Jim James of My Morning Jacket | Thurston Moore | by Andrew Parks

Yo La Tengo representing NYC | by Andrew Parks
While this is going to sound awful, the following needs to be said: No one came to this gig to see bloodless versions of "Run Run Run" (some straight-outta-a-college-quad band called What Laura Says Thinks and Feels), "Sunday Morning" (Oh No! Oh My Oh! just lost their punctuation priviledges), or anything Joseph Arthur turned into total mush. (While his immaculate custom guitar—a gleaming, blue-accented acoustic—is the stuff of Guitar Center dreams, Arthur had no business playing such a stale, sexless approximation of "Venus In Furs.") Mark Kozelek, on the other hand, used one simply-strummed axe to infuse "Caroline Says" and "The Kids" with feeling, with a lingering sense of lost love and ghosts that simply won't go away no matter how hard you try.

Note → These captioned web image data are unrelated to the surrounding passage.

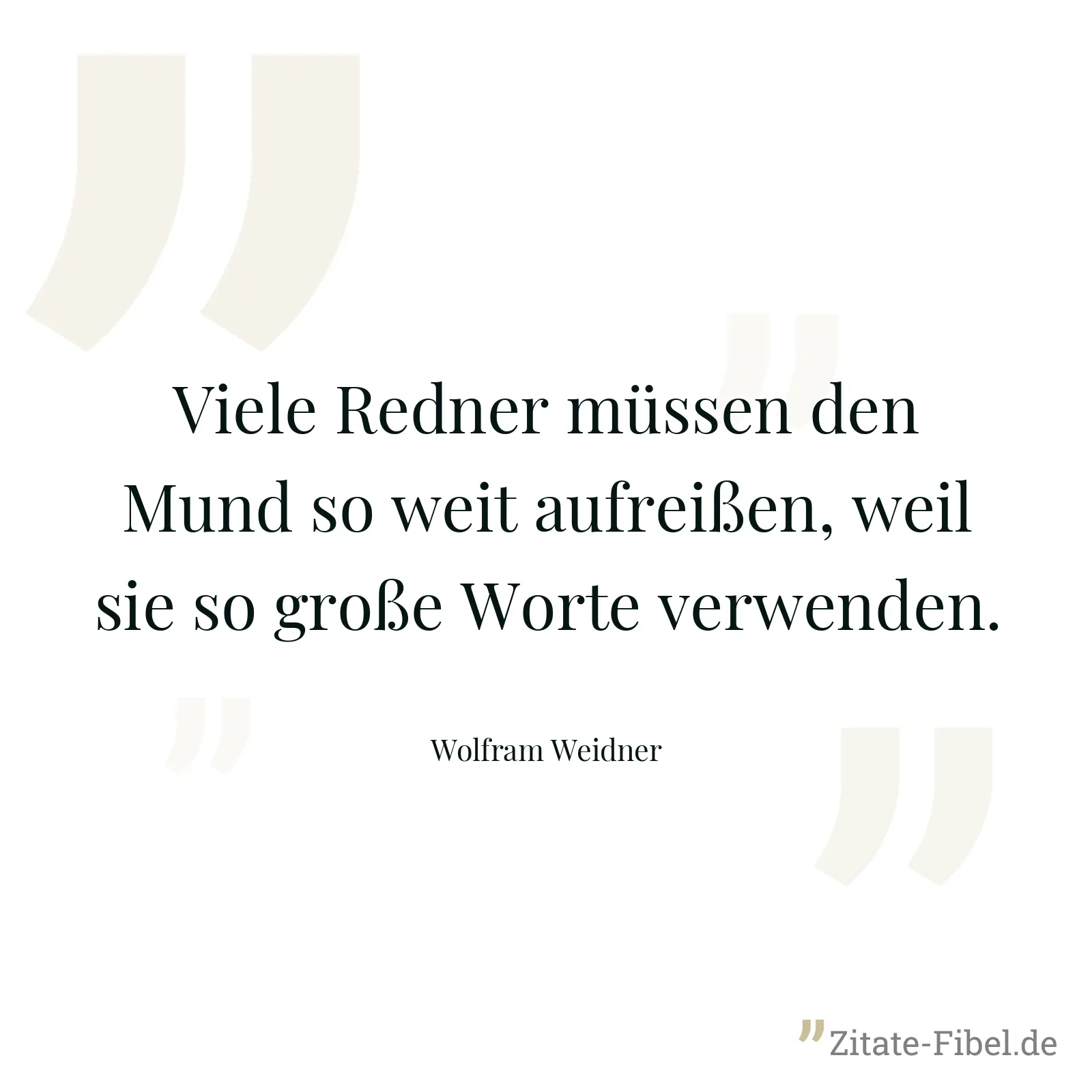 Viele Redner müssen den Mund so weit aufreißen, weil sie so große Worte verwenden. - Wolfram Weidner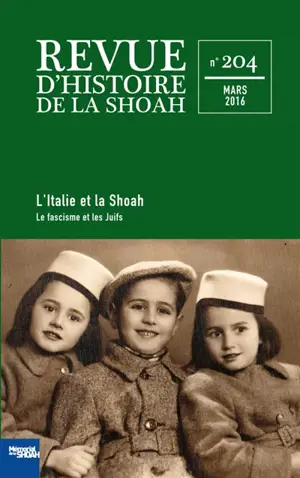 Revue d'histoire de la Shoah, n° 204. L'Italie et la Shoah : le fascisme et les Juifs
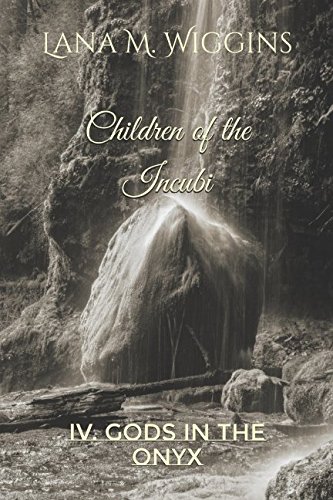 Stock-Bild f�r Children of the Incubi: IV. Gods in the Onyx
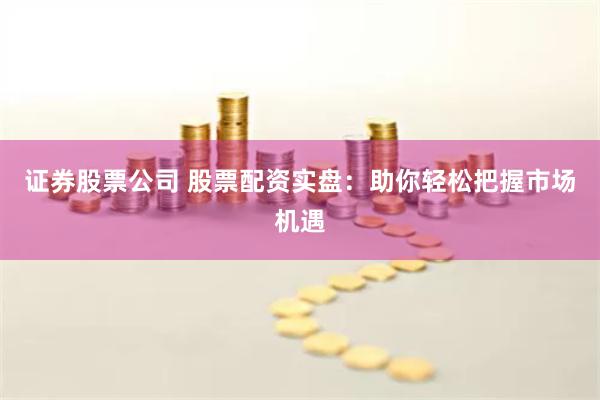 证券股票公司 股票配资实盘：助你轻松把握市场机遇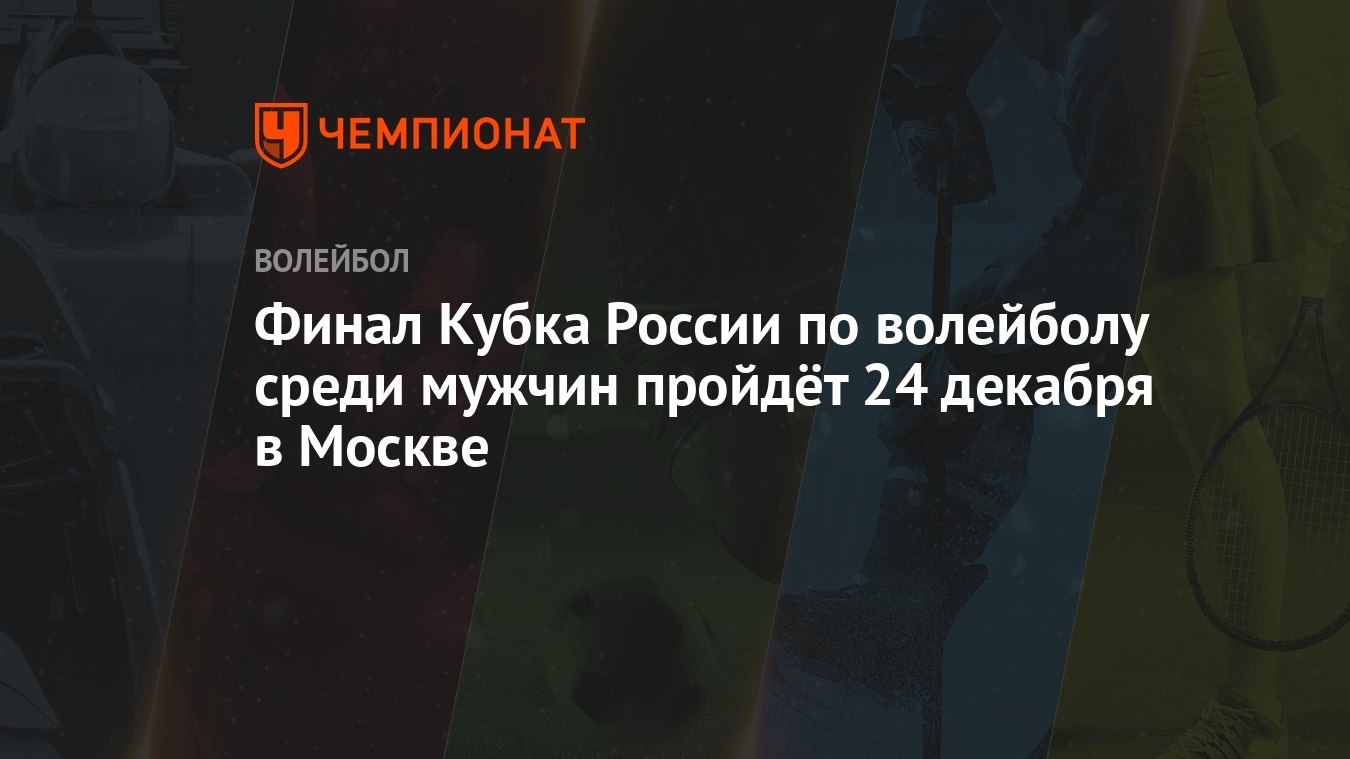 Финал Кубка России по волейболу среди мужчин пройдёт 24 декабря в Москве -  Чемпионат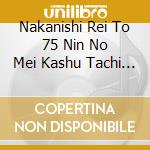 Nakanishi Rei To 75 Nin No Mei Kashu Tachi / Various cd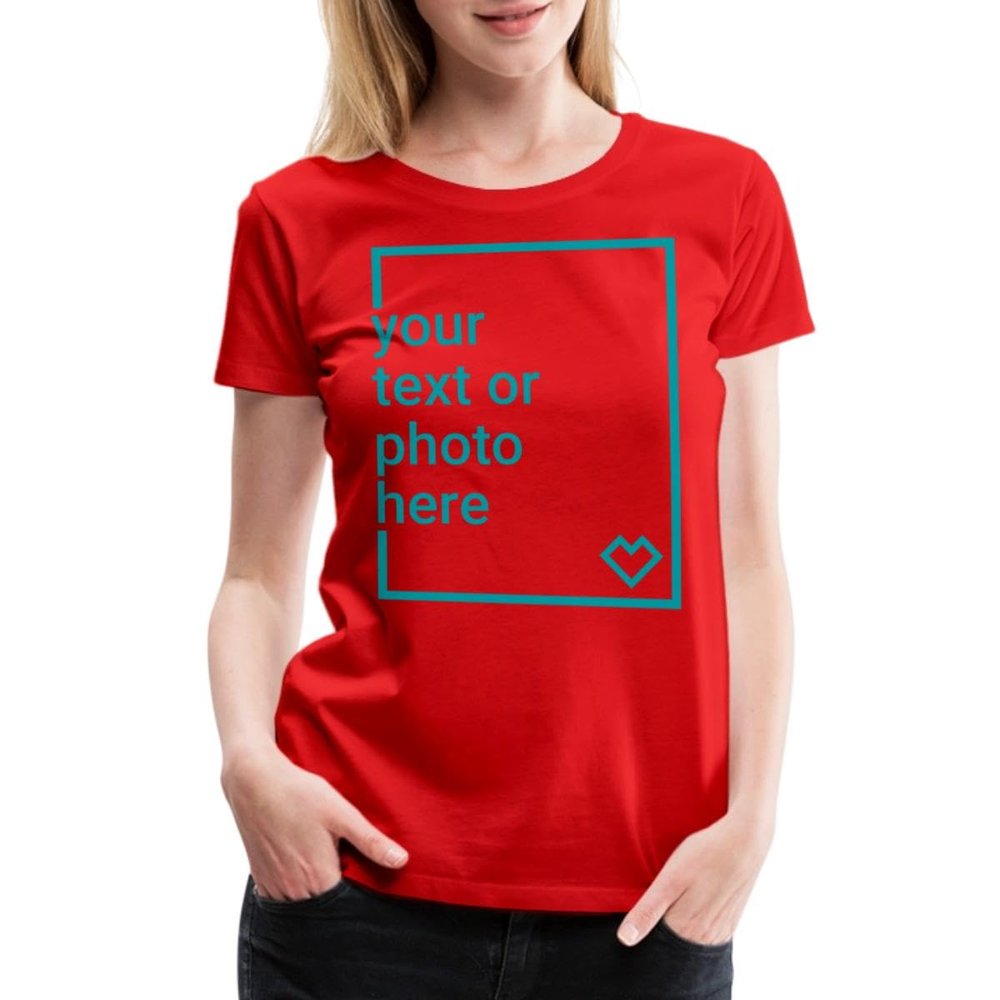 Spreadshirt Custom T-Shirt Add Your Own Text or Image Personalized Womens Premium T-Shirt, L, red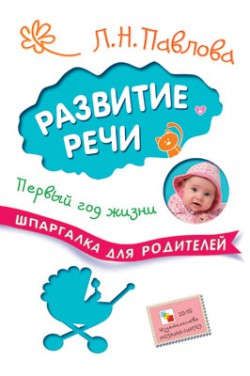Павлова Л.Н. Шпаргалки для родителей. Развитие речи. Первый год жизни
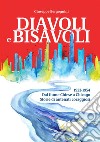 Diavoli e bisavoli. 1923-1954. Dal fiume Chiese a Chicago storie di antenati coraggiosi libro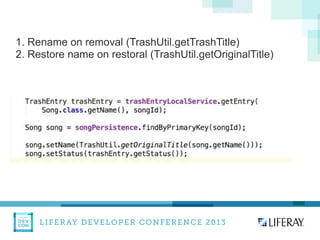 LIFERAY DEVELOPER CONFERENCE 2013DEV
CON
LIFERAY
1. Rename on removal (TrashUtil.getTrashTitle)
2. Restore name on restoral (TrashUtil.getOriginalTitle)
 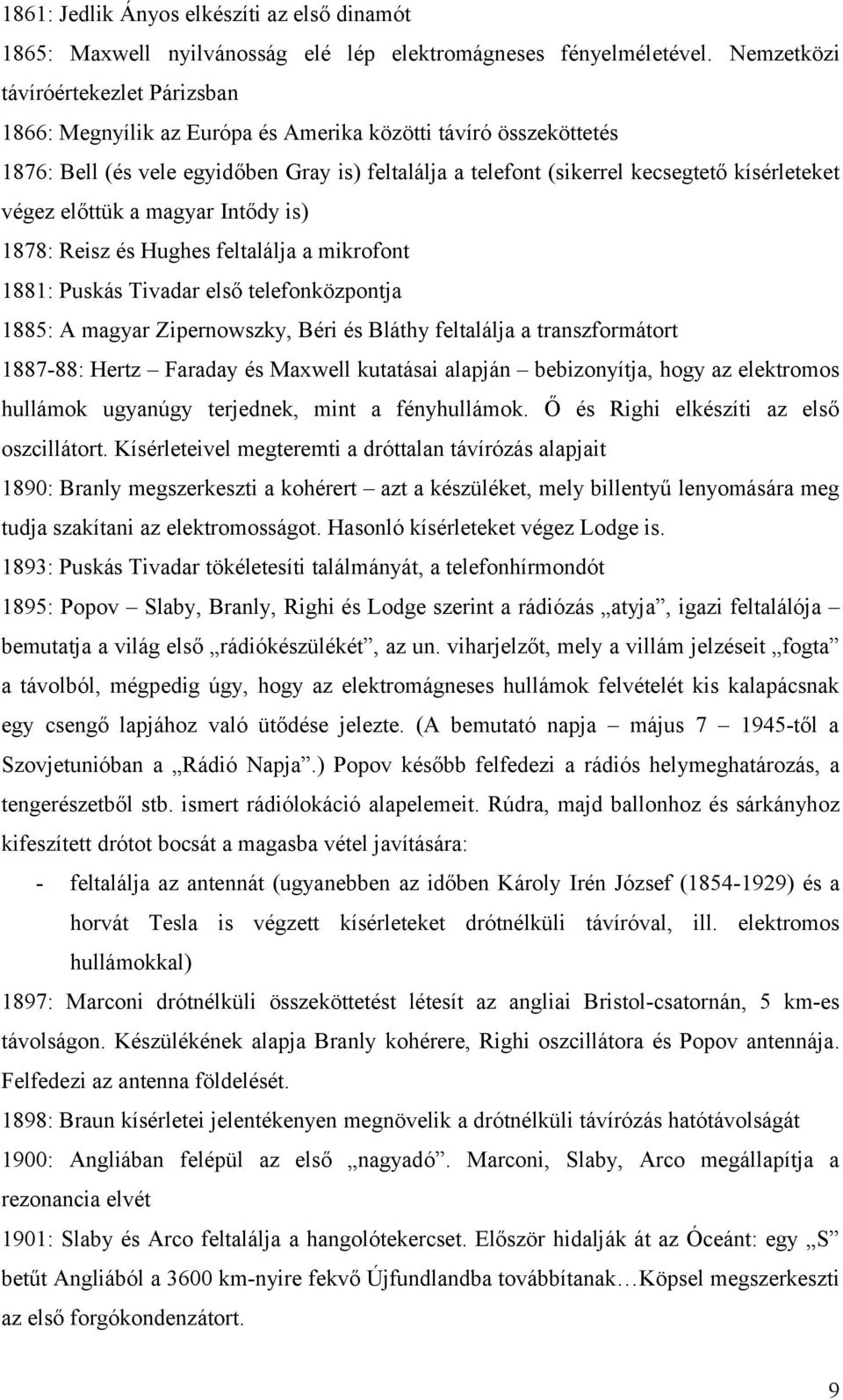 végez előttük a magyar Intődy is) 1878: Reisz és Hughes feltalálja a mikrofont 1881: Puskás Tivadar első telefonközpontja 1885: A magyar Zipernowszky, Béri és Bláthy feltalálja a transzformátort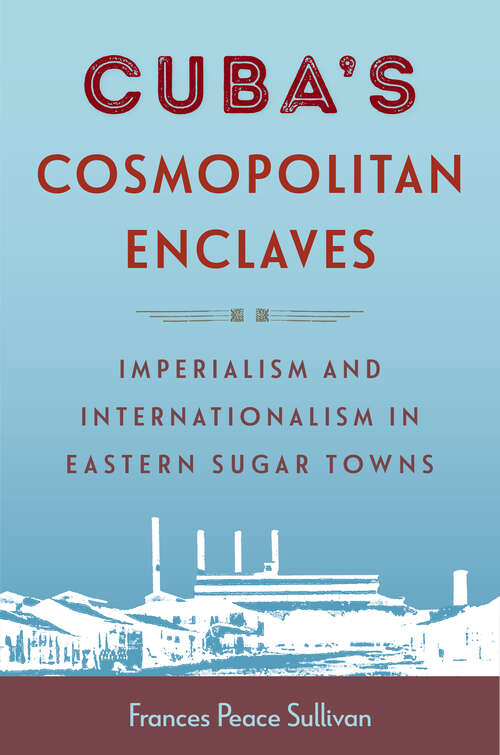 Book cover of Cuba’s Cosmopolitan Enclaves: Imperialism and Internationalism in Eastern Sugar Towns (1) (Caribbean Crossroads: Race, Identity, and Freedom Struggles)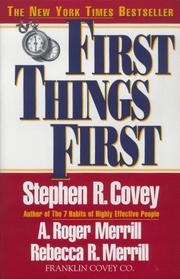 Cover of: First Things First by Stephen R. Covey, A. Roger Merrill, Rebecca R. Merrill
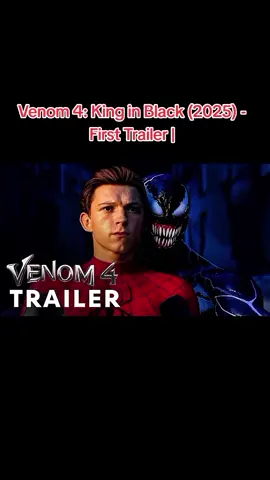 Venom 4: King in Black (2025) - First Trailer | Tom Hardy, Tom Holland #venom #movietrailer #fyp #foryou #moviesclips327 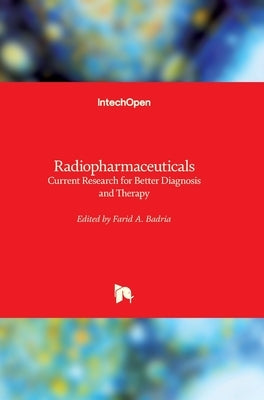 Radiopharmaceuticals: Current Research for Better Diagnosis and Therapy by Badria, Farid A.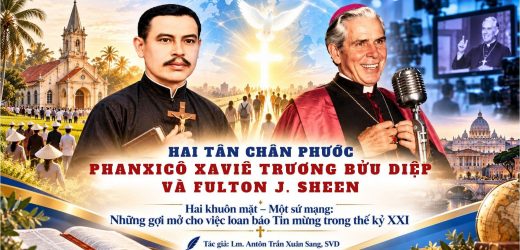 Hai Tân Chân Phước Phanxicô Xaviê Trương Bửu Diệp Và Fulton J. Sheen – Hai Khuôn Mặt, Một Sứ Mạng: Những Gọi Mở Cho Việc Loan Báo Tin Mừng Trong Thế Kỷ XXI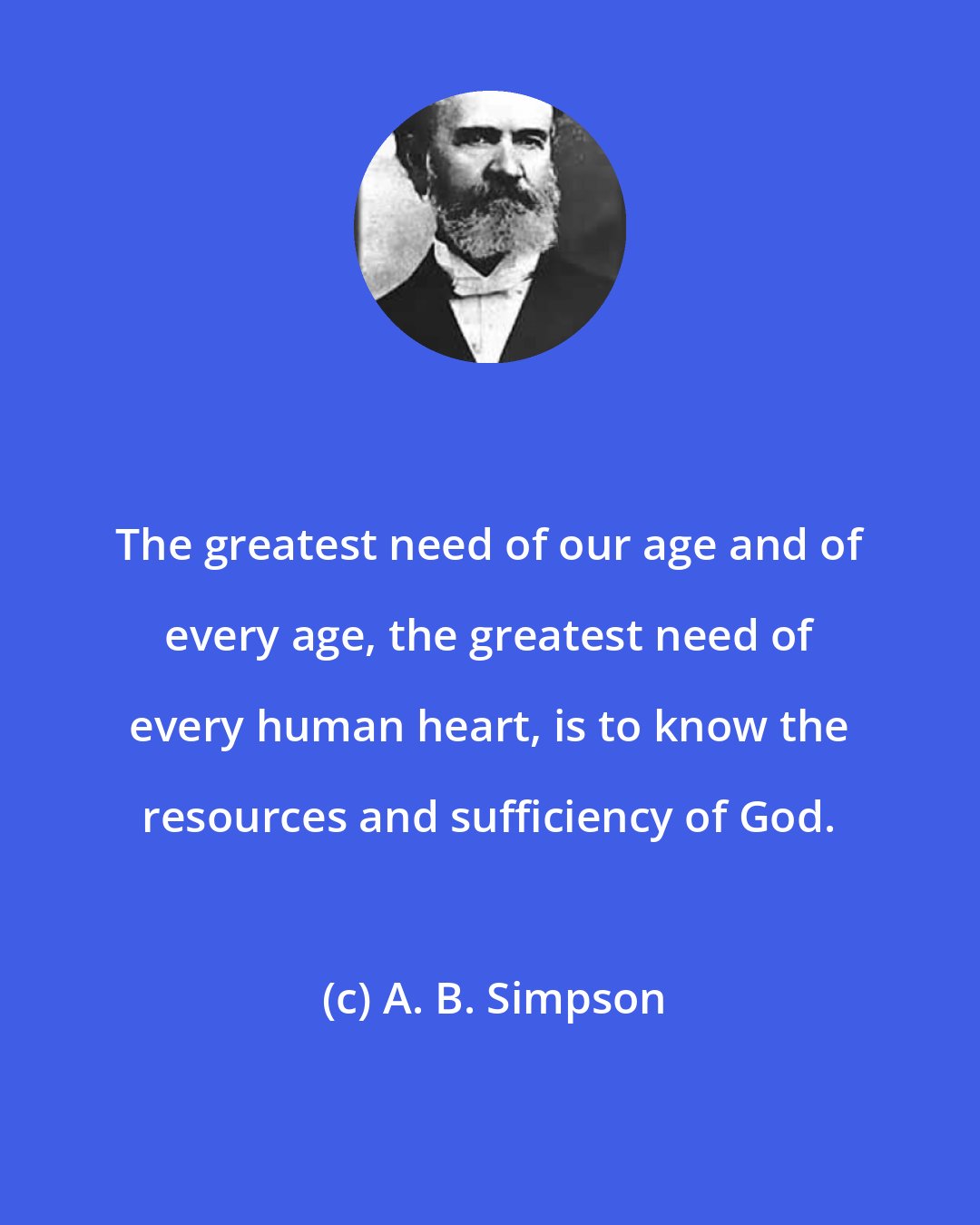 A. B. Simpson: The greatest need of our age and of every age, the greatest need of every human heart, is to know the resources and sufficiency of God.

Joseph Arthur's guitar getting all the glory | by Andrew Parks
To be fair, the FADER people booked one virtual unknown that used this Lou Reed tribute as a opportunity to show how worthy he is of our overly-stimulated attention, Ezra Furman, the closest thing Chicago has to an anti-folk star in waiting. After sharing his thoughts on just how "scary" the commercialism of SxSW is, Furman absolutely nailed a shaky, gnarly cover of "Heroin." Seriously—as nasally as this kid's voice is, he followed the original's ebb and flow heartbeat to a disturbing tee. A band-backed "New Age" lacked the same bite, but it was still better than the downright embarrassing performances that opened the evening.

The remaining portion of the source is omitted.